O 25 DE ABRIL DE 1974 VISTO PELOS CINEASTAS – “A LEI DA TERRA” por Clara Castilho

 

A Lei da Terra (1977) é um documentário português de longa-metragem, um filme colectivo da cooperativa Grupo Zero. É um filme militante que aborda o processo da Reforma Agrária no Alentejo, durante o PREC.

Nele, o processo da reforma agrária no Alentejo é visto através de uma análise das estrutura sociais e da luta de classes, culminando com a ocupação de terras pelos camponeses e pela tentativa de criação de novas relações laborais e de propriedade. Na aldeia Santa Catarina, no Alto Alentejo, o povo discute a sua vida, os seus valores, as suas necessidades. Um dos pontos de encontro é o curso de alfabetização. Este povo nem o nome sabia assinar, pois a sua dura vida não permitia a ida à escola.

Face à sabotagem económica dos patrões e antigos proprietários, os trabalhadores organizam-se em sindicatos, reclamam emprego e salários justos. Procuram estabelecer uma lei revolucionária: «A terra a quem a trabalha!». Organizam-se em cooperativas e unidades colectivas de produção. Reagem os agrários expropriados, apoiando-se nos intermediários, nos agricultores do Norte e nos seareiros do Sul.

A realização é Alberto Seixas Santos e Solveig Nordlund, com a colaboração de Joaquim Furtado, Serras Gago, Lia Gama, Teresa Caldas.
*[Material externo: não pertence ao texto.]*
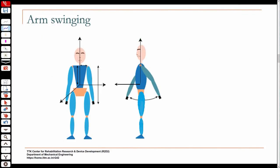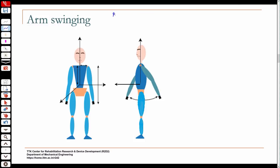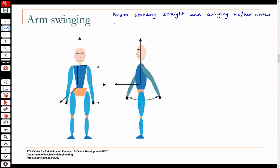First we will look at arm swinging. Say you are standing in one place and swinging your arms — what exactly is happening in that situation? So we have a person standing straight and swinging his or her arms at a constant frequency.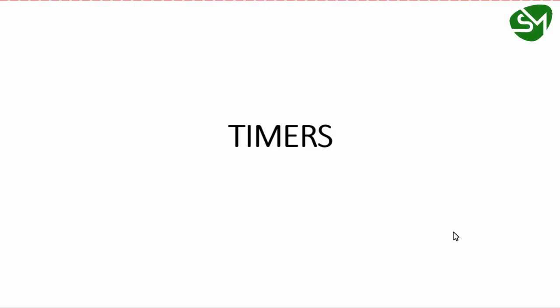Hello everyone. In this lecture, let's understand how a timer works on interrupt overflow mode in Atmega microcontrollers. Let's get started.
A imagem é de Acácio de Almeida, José Luís Carvalhosa, Leonel Efe. A realização e a produção são da cooperativa Grupo Zero. Este filme recebeu no Festival Internacional de Cinema de Leipzig (1977) uma menção honrosa na secção Películas do Mundo pela paz do Mundo. Lembremos que Alberto Seixas Santos apresentou em competição no Festival de Berlim de 1975 a sua primeira longa-metragem, ”Brandos Costumes”, rodada entre 1972 e 1974, a partir de um argumento escrito em parceria com os escritores Luísa Neto Jorge e Nuno Júdice.